** Exercise input follows **

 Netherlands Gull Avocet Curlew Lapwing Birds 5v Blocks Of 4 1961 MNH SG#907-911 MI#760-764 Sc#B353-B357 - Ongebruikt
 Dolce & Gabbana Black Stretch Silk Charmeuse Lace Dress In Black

** End of Exercise input **
** Exercise input follows **

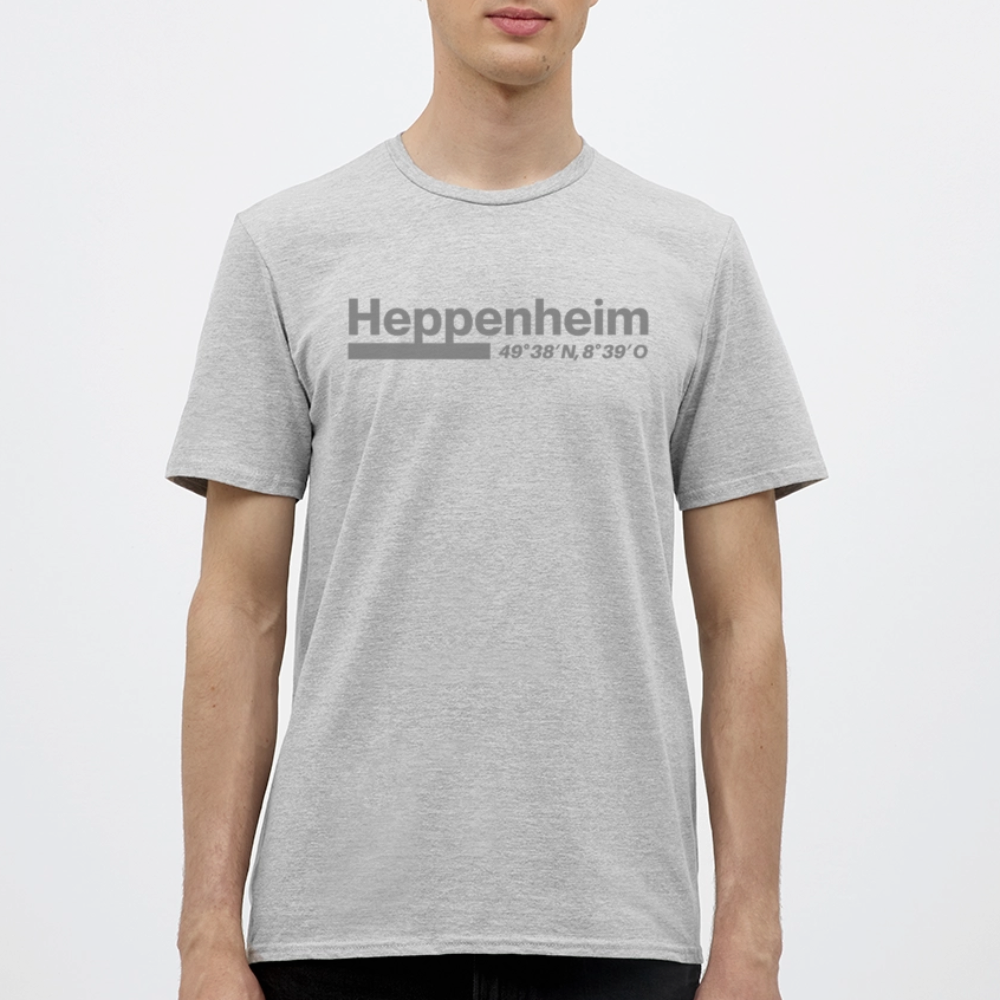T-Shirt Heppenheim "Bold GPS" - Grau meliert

** End of Exercise input **

* Problem *
Among the records above, extract exactly the lines from the line with "Netherlands Gull Avocet" to the line with "Dolce & Gabbana", both lines included, and leave out the rest.

* Exercise response *
 Netherlands Gull Avocet Curlew Lapwing Birds 5v Blocks Of 4 1961 MNH SG#907-911 MI#760-764 Sc#B353-B357 - Ongebruikt
 Dolce & Gabbana Black Stretch Silk Charmeuse Lace Dress In Black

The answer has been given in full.